• _Extracted material_
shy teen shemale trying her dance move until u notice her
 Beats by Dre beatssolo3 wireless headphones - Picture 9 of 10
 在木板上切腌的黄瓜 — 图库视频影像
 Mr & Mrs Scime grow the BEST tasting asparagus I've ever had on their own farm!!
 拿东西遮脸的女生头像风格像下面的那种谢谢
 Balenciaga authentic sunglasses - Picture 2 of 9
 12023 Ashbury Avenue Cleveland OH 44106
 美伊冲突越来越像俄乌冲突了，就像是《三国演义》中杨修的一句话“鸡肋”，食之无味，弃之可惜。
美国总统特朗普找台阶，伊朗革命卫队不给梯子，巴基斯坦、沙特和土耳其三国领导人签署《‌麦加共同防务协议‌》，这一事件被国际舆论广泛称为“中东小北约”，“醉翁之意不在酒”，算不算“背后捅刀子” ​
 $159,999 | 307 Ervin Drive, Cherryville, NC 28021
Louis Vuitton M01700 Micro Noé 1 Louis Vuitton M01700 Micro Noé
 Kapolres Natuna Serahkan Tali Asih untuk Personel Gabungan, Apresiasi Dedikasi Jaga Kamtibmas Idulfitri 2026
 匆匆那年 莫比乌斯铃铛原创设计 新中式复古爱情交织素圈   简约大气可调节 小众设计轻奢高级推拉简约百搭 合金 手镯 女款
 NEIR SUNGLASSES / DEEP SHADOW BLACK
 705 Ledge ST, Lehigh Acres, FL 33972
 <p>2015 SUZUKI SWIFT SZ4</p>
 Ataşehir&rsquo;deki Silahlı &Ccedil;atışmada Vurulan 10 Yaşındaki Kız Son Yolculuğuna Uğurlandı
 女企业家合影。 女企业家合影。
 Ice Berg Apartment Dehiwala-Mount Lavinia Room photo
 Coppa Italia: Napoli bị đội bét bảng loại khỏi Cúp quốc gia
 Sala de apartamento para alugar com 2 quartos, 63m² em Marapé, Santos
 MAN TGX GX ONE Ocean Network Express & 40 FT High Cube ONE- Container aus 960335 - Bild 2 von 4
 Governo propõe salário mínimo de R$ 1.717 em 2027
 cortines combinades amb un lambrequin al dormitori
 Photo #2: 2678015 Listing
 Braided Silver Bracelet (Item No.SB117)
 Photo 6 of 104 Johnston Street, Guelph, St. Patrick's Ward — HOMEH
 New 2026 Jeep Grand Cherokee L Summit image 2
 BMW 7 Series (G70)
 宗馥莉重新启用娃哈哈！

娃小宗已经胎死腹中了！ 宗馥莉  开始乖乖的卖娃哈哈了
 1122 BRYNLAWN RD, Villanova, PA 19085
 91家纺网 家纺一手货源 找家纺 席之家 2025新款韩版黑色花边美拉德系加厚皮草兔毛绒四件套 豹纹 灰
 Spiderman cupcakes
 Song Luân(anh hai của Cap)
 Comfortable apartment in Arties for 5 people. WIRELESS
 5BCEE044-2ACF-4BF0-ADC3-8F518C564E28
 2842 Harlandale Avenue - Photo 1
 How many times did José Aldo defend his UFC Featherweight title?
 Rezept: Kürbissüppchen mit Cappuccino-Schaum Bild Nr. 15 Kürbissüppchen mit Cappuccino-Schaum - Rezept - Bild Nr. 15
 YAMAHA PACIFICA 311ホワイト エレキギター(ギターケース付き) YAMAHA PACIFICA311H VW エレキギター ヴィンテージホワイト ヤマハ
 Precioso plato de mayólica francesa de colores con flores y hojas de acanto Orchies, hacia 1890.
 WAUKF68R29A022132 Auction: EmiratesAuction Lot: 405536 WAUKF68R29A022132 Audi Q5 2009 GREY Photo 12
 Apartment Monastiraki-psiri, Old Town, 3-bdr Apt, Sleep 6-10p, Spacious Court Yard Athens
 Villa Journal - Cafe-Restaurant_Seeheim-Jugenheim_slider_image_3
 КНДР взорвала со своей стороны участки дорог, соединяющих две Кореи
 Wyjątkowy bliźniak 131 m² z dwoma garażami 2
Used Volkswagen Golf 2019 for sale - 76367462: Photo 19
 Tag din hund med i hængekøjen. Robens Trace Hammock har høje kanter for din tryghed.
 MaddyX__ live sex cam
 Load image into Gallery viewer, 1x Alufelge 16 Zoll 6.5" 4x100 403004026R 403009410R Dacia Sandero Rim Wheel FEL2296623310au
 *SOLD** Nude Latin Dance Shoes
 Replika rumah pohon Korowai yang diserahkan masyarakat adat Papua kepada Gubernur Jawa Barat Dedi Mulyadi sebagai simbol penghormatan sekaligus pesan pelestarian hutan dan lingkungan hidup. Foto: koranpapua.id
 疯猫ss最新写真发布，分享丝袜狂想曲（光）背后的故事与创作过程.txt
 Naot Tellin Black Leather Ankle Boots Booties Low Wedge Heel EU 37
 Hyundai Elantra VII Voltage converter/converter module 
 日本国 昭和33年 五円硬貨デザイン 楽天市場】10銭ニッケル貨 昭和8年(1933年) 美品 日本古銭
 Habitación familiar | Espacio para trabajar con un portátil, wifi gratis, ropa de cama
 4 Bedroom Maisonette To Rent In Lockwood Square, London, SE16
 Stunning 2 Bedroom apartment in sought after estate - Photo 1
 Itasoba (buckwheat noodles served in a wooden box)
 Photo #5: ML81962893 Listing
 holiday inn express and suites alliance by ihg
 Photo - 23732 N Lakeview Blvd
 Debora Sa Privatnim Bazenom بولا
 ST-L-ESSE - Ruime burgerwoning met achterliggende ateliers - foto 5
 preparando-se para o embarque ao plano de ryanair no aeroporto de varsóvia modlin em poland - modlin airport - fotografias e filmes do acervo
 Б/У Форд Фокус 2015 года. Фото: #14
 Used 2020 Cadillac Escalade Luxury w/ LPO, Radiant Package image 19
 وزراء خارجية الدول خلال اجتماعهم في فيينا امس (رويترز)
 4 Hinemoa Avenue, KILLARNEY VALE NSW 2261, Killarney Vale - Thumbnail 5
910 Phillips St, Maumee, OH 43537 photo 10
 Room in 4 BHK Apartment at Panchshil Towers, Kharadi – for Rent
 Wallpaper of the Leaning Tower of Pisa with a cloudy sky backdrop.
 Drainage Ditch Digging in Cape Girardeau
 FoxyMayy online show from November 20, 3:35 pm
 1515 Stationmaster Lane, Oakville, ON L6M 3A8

• _Assigned task_
In the records above, find the line with "Stunning 2 Bedroom"; write out exactly that line and each one after it, stopping after the line with "ST-L-ESSE - Ruime".

• _Task result_
 Stunning 2 Bedroom apartment in sought after estate - Photo 1
 Itasoba (buckwheat noodles served in a wooden box)
 Photo #5: ML81962893 Listing
 holiday inn express and suites alliance by ihg
 Photo - 23732 N Lakeview Blvd
 Debora Sa Privatnim Bazenom بولا
 ST-L-ESSE - Ruime burgerwoning met achterliggende ateliers - foto 5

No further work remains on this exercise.